Biliyorum; çok acı ve ağır bir başlık; ne anlama geldiğinden haberim var. İçim kan ağlayarak atıyorum bu başlığı. Umutsuzluk falan değil, bir endişe ve erken uyarı, belki de erken uyarı bile değil, geç kalmış bir alarm.

Madde manayı teslim almış ya da almak üzere, şekil özü boğmuş ya da öz son nefesini vermek üzere ve biz son derece önemli bir seçime giderken manayı bir kenara bırakmış sadece maddenin muhtemel nimetlerine odaklanmış vaziyetteyiz. Niteliği niceliğe, mazrufu zarfa kurban vermişiz ama hiç mi hiç umursamıyoruz. Her şeyi maddeyle ölçen, alan ve satan bir toplum olduk, ama ya farkında değiliz ya da bunu bile umursamıyoruz.

Gelenekten bahsediyoruz olur olmaz yerde, 'Osmanlı torunu' olmakla övünüyoruz Osmanlıdan bihaber olduğumuz halde. Geleneği adaptan, edepten, nezaketten, hadden, izzetten, iffetten, irfandan soyutlayarak sadece şekle, o da kıl ve kılıktan ibaret bir şekle hapseden medeniyet fukaralığının Osmanlı'ya halef olmak iddiası kadar acı ve komik bir iddia olabilir mi?

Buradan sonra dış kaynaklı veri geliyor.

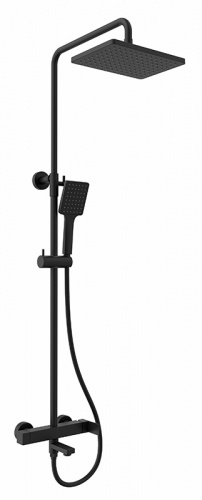 Душевая стойка Kaiser Cube 01582-9 Black matt, Душевые панели, Душевые системы, Стойки, Гарнитуры, лейки, тропический душ в Москве Тел.: +7 (968) 040-40-82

Sadece 'mekanik bir büyüklük' değildir Osmanlı, bir inceliktir, bir tevazudur, bir uyumdur. Osmanlı mimarisi insanı ezen devasa büyüklüklerin peşinde koşmaz tam tersine insanla uyumlu ölçülere hapseder mimariyi. Alın o güzelim selatin camilerini, alın o birbirinden güzel mescitleri ve de tam iki asır cihana nizam verilen mekan olan Topkapı sarayını. O sebiller, o hacet taşları, o namazgahlar ve daha niceleri, o imbikten süzülmüş bir zarafeti ve insana ve çevreye saygılı bir büyük medeniyeti temsil eder.

'Selam kelamdan önce gelir' diyen ve bunu hayatın düsturu yapan, birbirine 'mirim, üstadım, iki gözüm, efendim' diye hitap eden bir medeniyet mensuplarının torunu olmakla vara yoğa övünenlerinin selam pintiliğine mi yanmalıyım yoksa hitap saygısızlığına mı hayıflanmalıyım? Bilemiyorum ama yaşadıklarım, gördüklerim karşısında kahroluyorum.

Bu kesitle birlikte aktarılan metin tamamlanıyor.